Pada mulanya kita yang berjumlah kurang lebih 200 orang ini sama-sama menyandang status sebagai anak komunikasi, hingga negara api menyerang semester lima kita sibuk milih konsentrasi apa yang bakal kita pilih dan semester penentuan yakni enam kita milih konsentrasi apa yang bakal kita tuju dan itu terbagi atas, Jurnalistik, Public Relation dan Advertising.
Bingung dan galau dialami banyak orang, nggak cuma satu, dua orang hingga kegalauan ini pun kena ke diri aku pribadi. Mencoba buat mikir dan sholat di ujung-ujung waktu penentuan akhirnya seorang Rizky Chairani memilih Public Relation alias PR alias HUMAS.
Hari demi hari dilalui, bukan perkara yang mudah. Mulai dari baju pas datang ke kampus kering, sampai basah, hingga akhirnya kering lagi. Mulai dari uang beasiswa banyak sampai ludes dan akhirnya aku mutusin buat kerja dan sekarang malah buat aku menilai dunia PR bukan dunia kacang-kacang, apalagi anggap dia hanya remahan rempenyek, apalagi bubuk nutri sari.

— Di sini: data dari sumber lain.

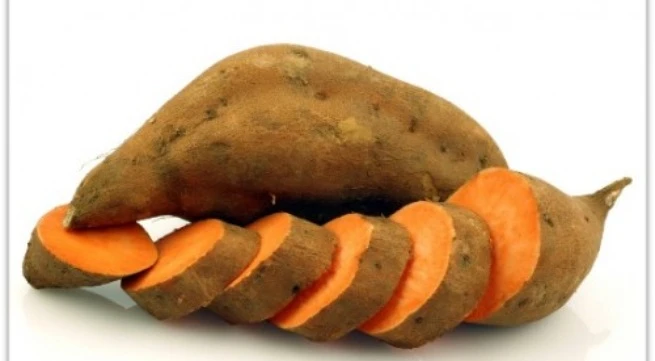 Những thực phẩm giúp da khỏe đẹp ảnh 7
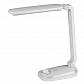 Настольная лампа ЭРА NLED-425-4W-W Б0019134 - фото №1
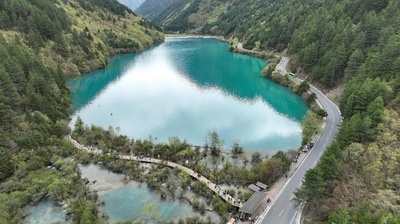 中国は自然遺産の保護と管理で世界のトップクラスの成果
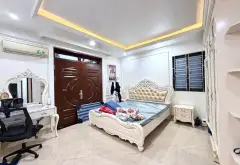 Nhà Mặt Phố An Trang Độc Lập, Cơ Hội Vàng Cho Nhà Đầu Tư Tài Ba... Bán nhà mặt phố tại An Hải, Hải Phòng 07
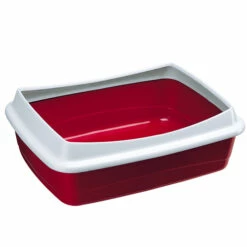 Cassetta Igienica Nip 10 Plus Ferplast - 1 Toilette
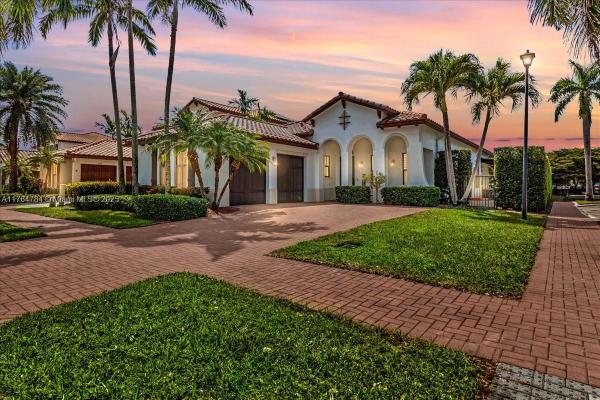 Corta Bella, 4062 NW 85th Ave, Cooper City, Florida 33024, image 1
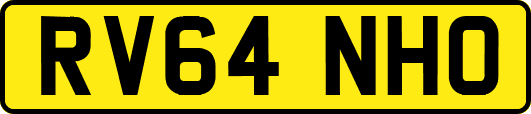 RV64NHO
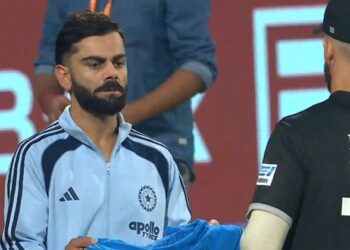 Is Rohit Sharma Losing The Hunger? Simon Doull Raises 2027 World Cup Concern After NZ Series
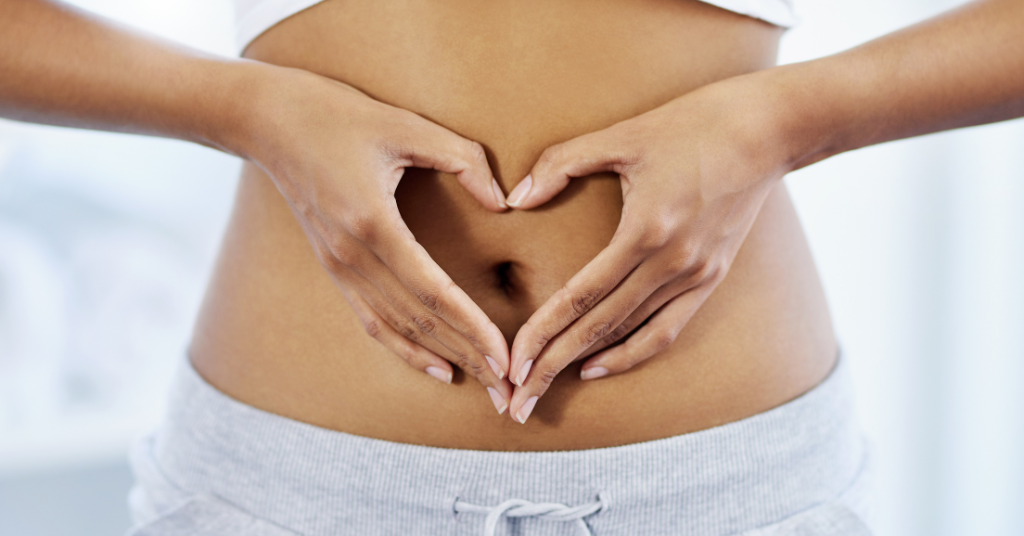 A Simple Daily Switch For Better Digestion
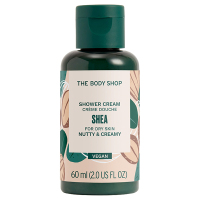 数量限定】ポーチギフト SB / THE BODY SHOP(ボディケアキット, キット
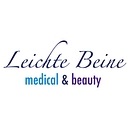 Favicon of Leichte Beine (Praxis für Lymphdrainage)
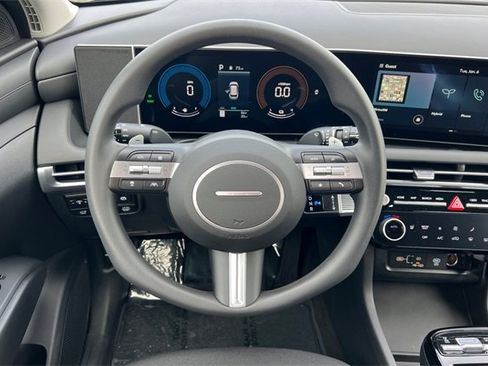 New 2026 Hyundai Tucson SEL image 14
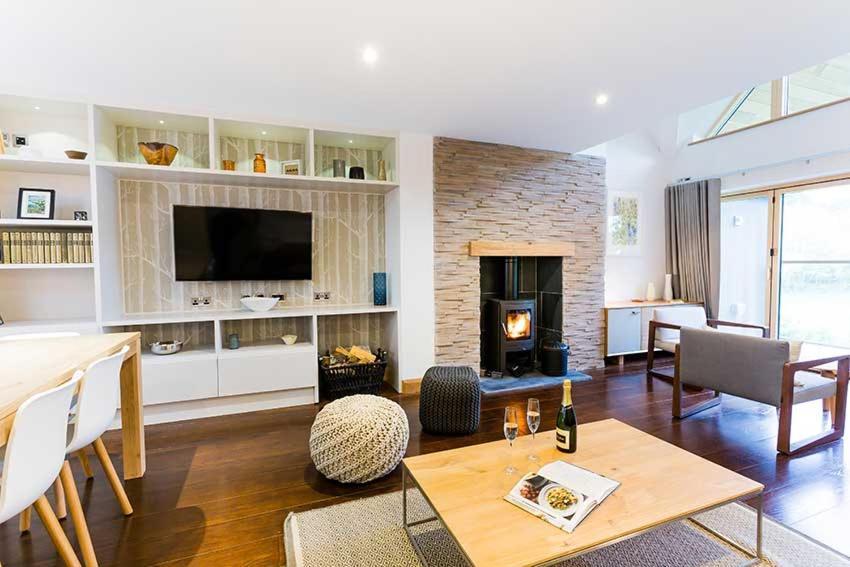 Budock Vean Hotel And Spa Falmouth Ngoại thất bức ảnh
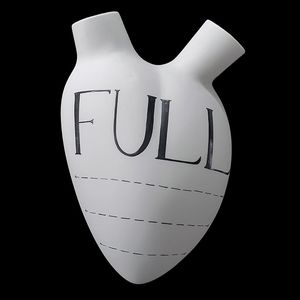 contemporary vase 1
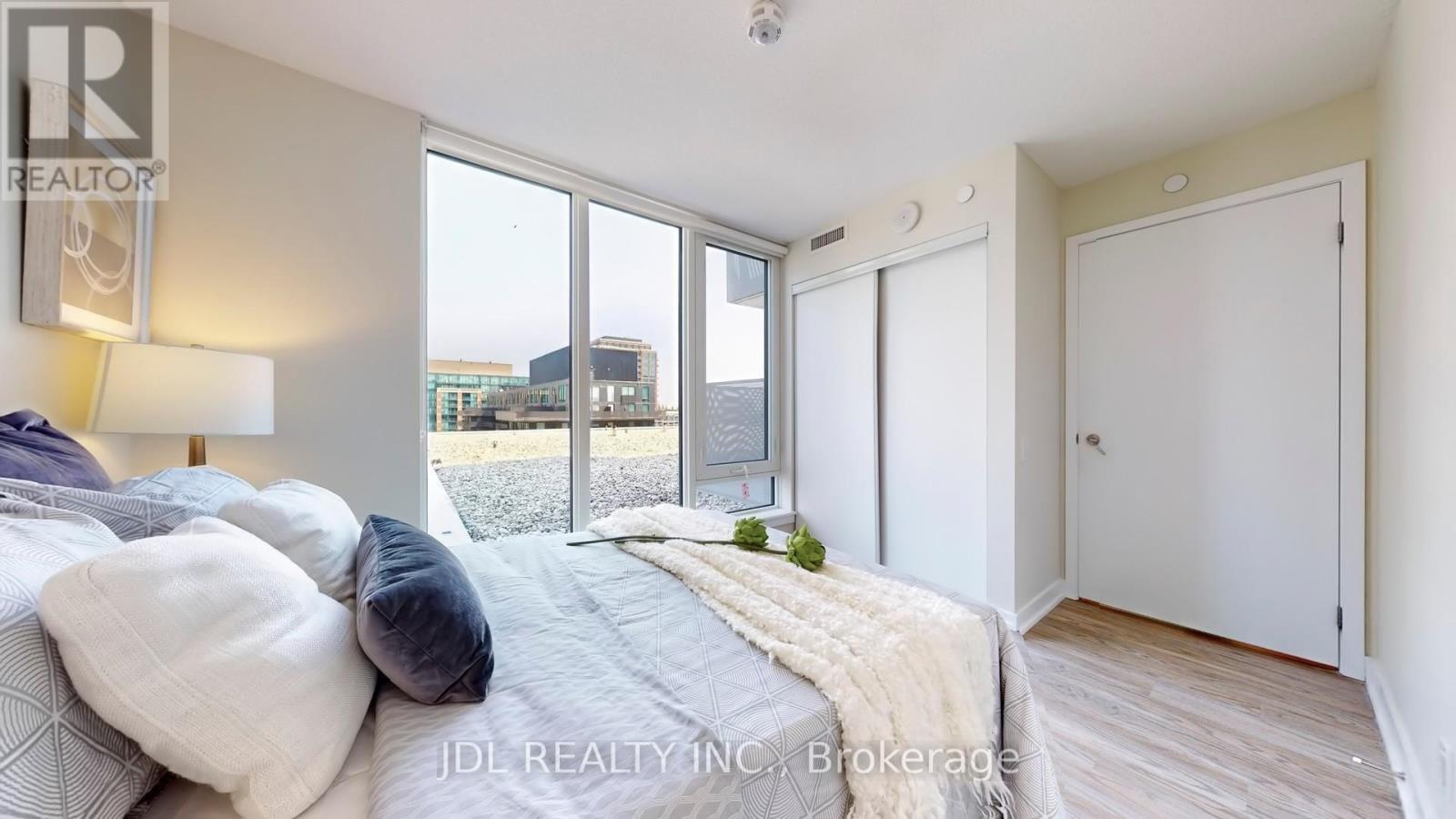 801 - 38 Monte Kwinter Court, Toronto, Ontario  M3H 0E2 - Photo 19 - C13508178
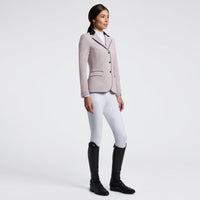 Cavalleria Toscana Dames GP Wedstrijdjas Met Rits Wedstrijdjassen - Maddelin Equestrian Cavalleria Toscana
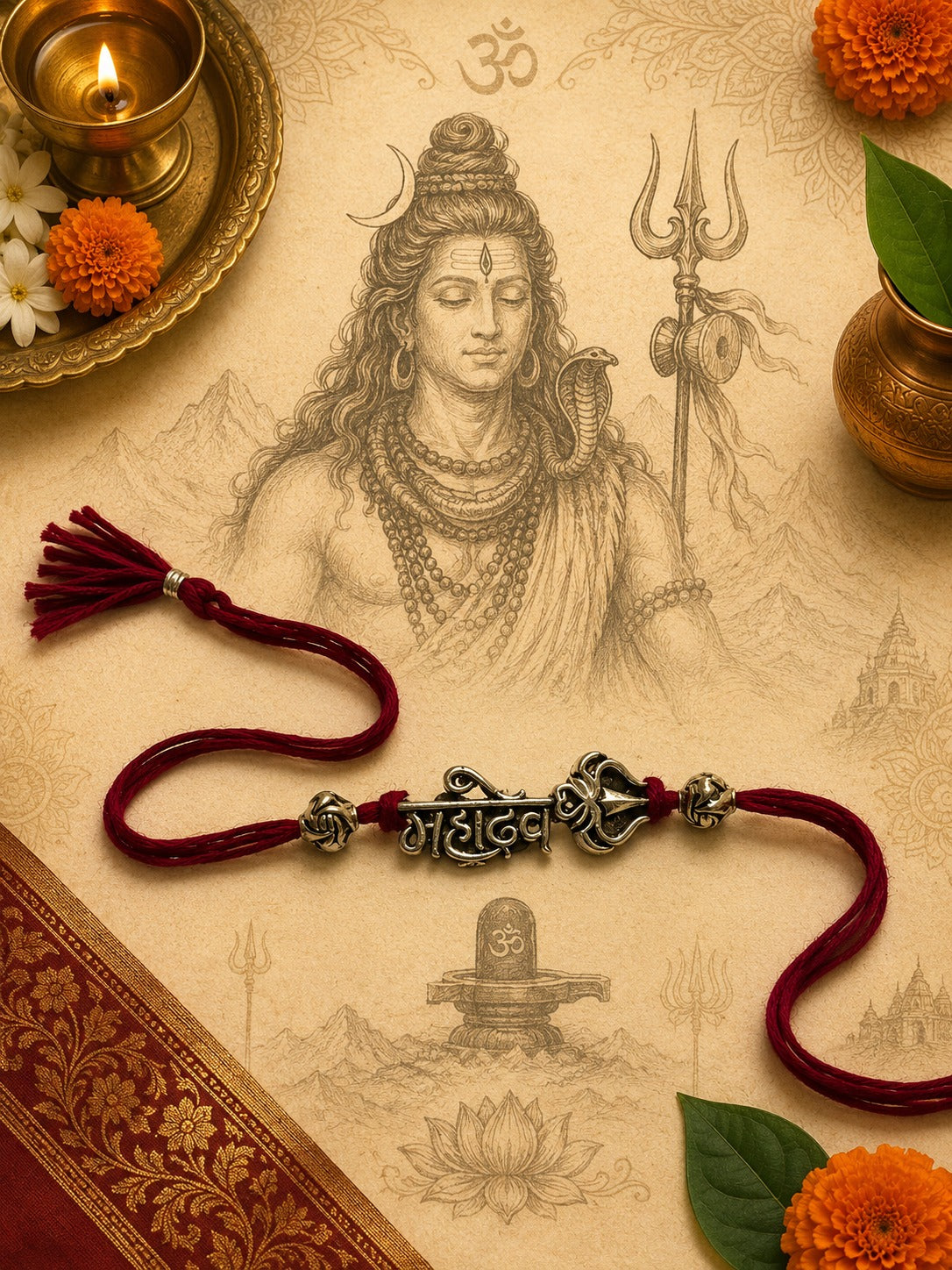 RAKHI 18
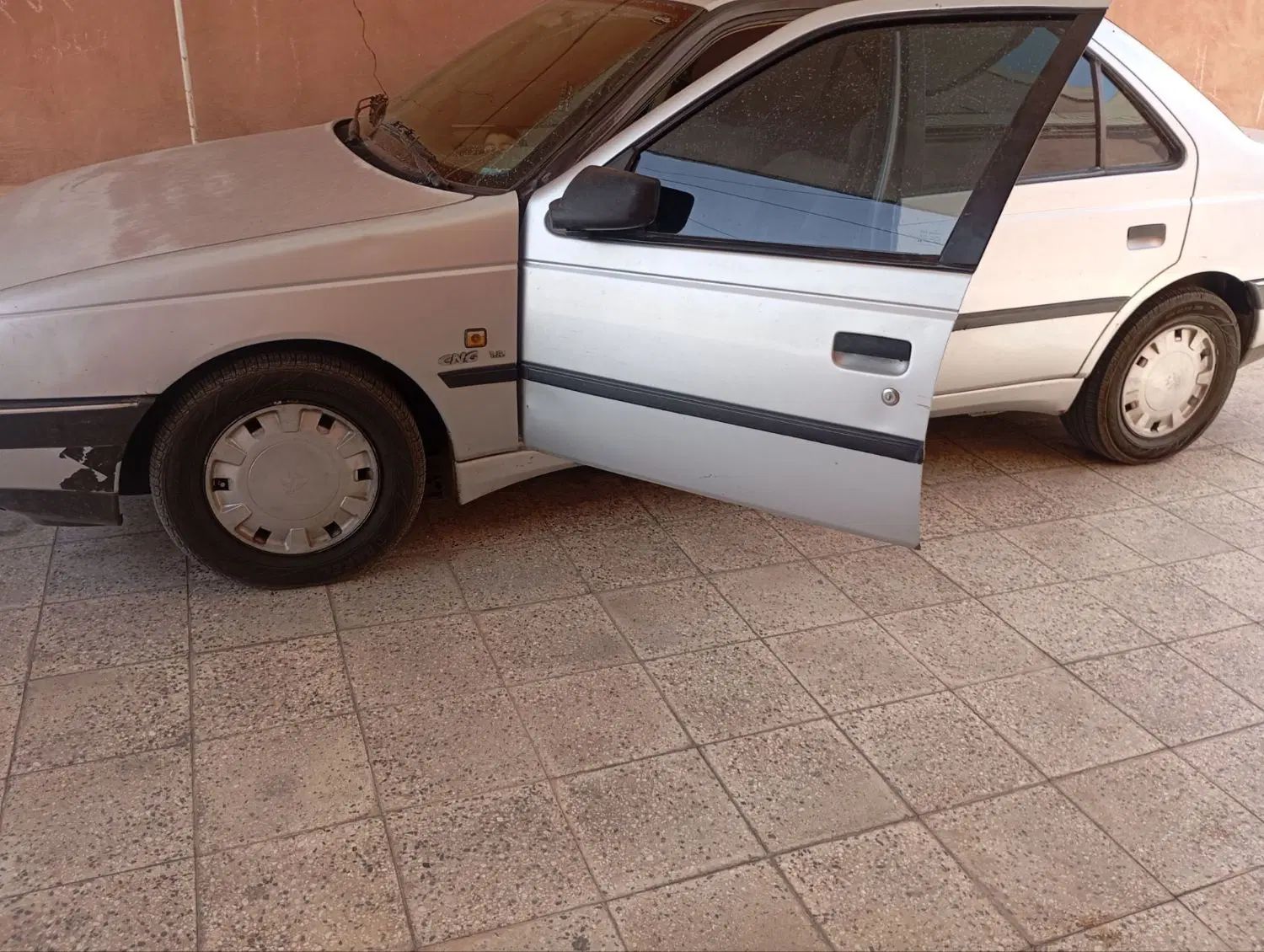 خودرو پژو، 405 آگهی ann_20004279
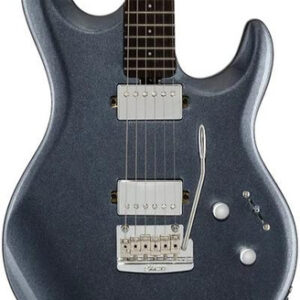 Sterling By Music Man Luke Signature in Bodhi Blue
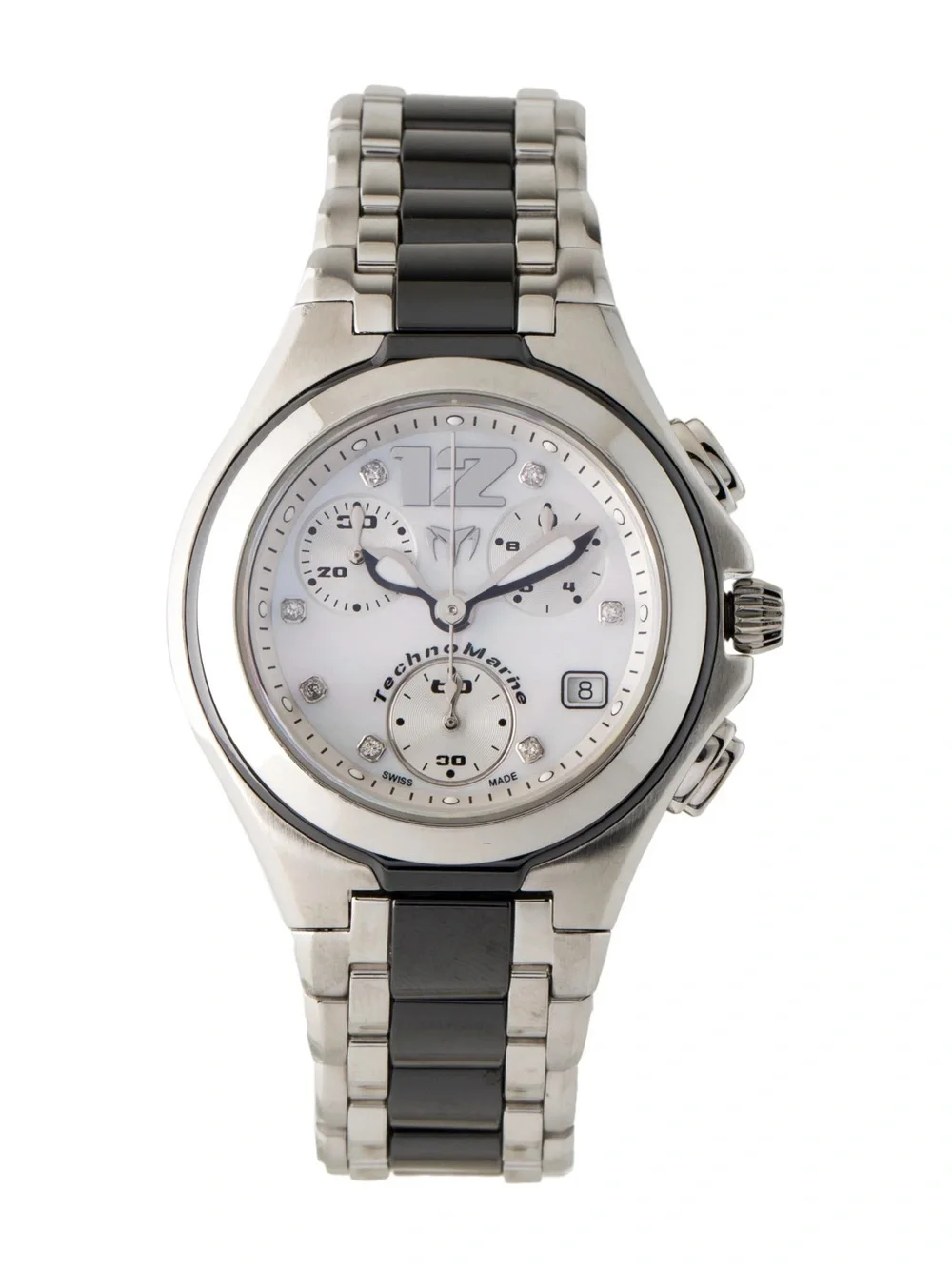 Techno Marine neoclassic watch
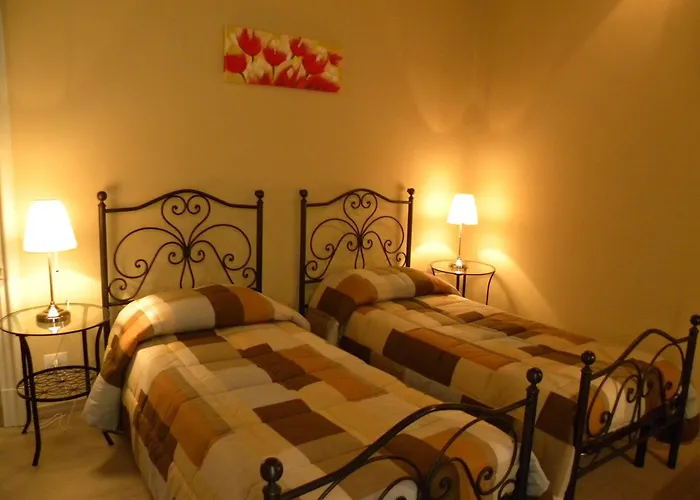 B&B Residenza Umberto Katanya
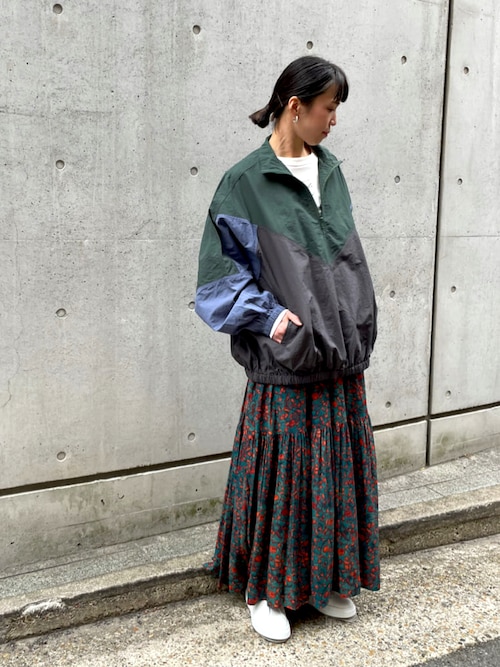 BEARDSLEYさんのコーディネート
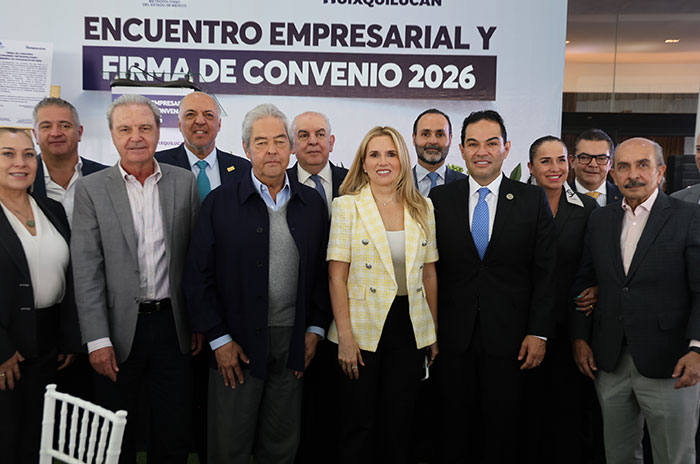 romina empresarios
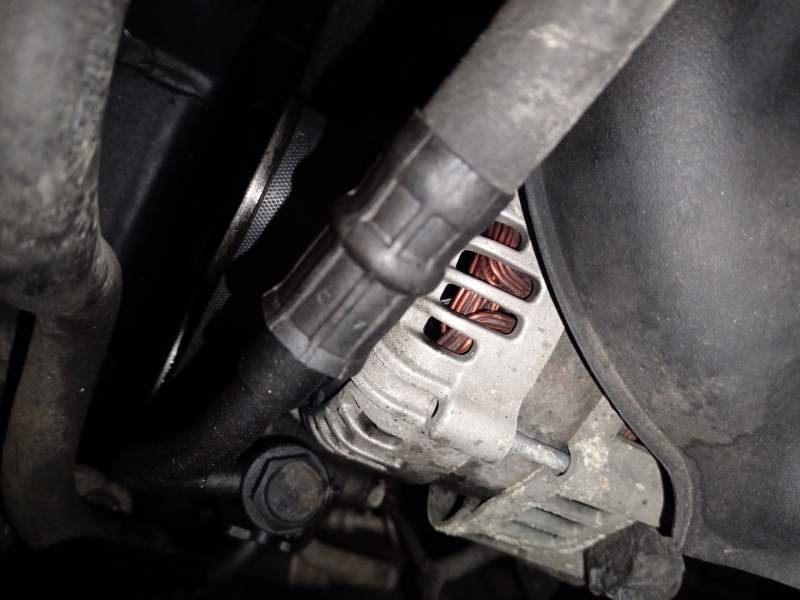 ALTERNADOR 3730027013 021319113 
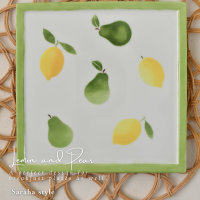 Saraha style（サラハスタイル）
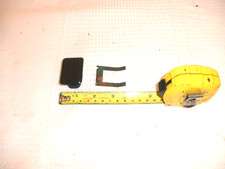 Mariner Mercury  power trim switch blank 30hp to 150hp  2 / 4 stroke outboard 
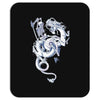 caged ii (a prequel) Mousepad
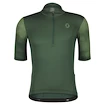 Herren Radtrikot Scott  Gravel 10 SS M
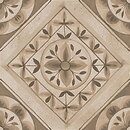 Фото Marazzi плитка ArtCraft Crogiolo Calce Decoro Quadri 20x20 (MH5Z)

Misi awal milih PR sebenarnya simpel, “CUMA PENASARAN’’ sama dunia ini. Akhirnya rasa penasaran tadi dijawab dengan sempurna. Lelahnya bukan main, pengorbanannya bukan main, sampai pertumpahan ludah sama teman-teman sekelompok bukan main lagi basahnya.
Garis besarnya, banyak hal yang kita kerjakan, dimulai dari Praktek Komunikasi atau anak komunikasi biasa nyebutnya “ADVEL”, masuk lagi ke publisitas dimana kita harus punya satu klien dan nge-Up dia di semua media-media yang ada di Sumatera Utara sampai ke Nasional sekali pun. Bukan satu, dua kelompok yang ada dikelas, ada sekitar 16 kelompok yang memperebutnya kursi “kelompok terbaik”, hingga akhirnya bukan kelompok aku yang menang. Belum lagi kampanye-kampanyean di mata kuliah teknik-teknik humas yang buat kantong terkuras habis didalamnya (publisitas sama tekhum sama pengeluarannya), bukan cuma satu project, tiap minggu presentasi dan akhirnya buat Press Conference ala-ala yang juga nggak sedikit uangnya. Bukan hanya sebatas uang atau waktu yang memang kita curahkan. Perdebatan sama keluarnya kata-kata kasar sampai isi kebun binatang yang enggak layak tayang pun keluar semena-mena. Yang satu ngatain yang satu, yang satu lagi nyesal udah sekelompok, belum lagi yang satu enggak suka sama teman yang satu. Tapi sampai enggak kawanan atau cakapan lagi alhamdulillah enggak.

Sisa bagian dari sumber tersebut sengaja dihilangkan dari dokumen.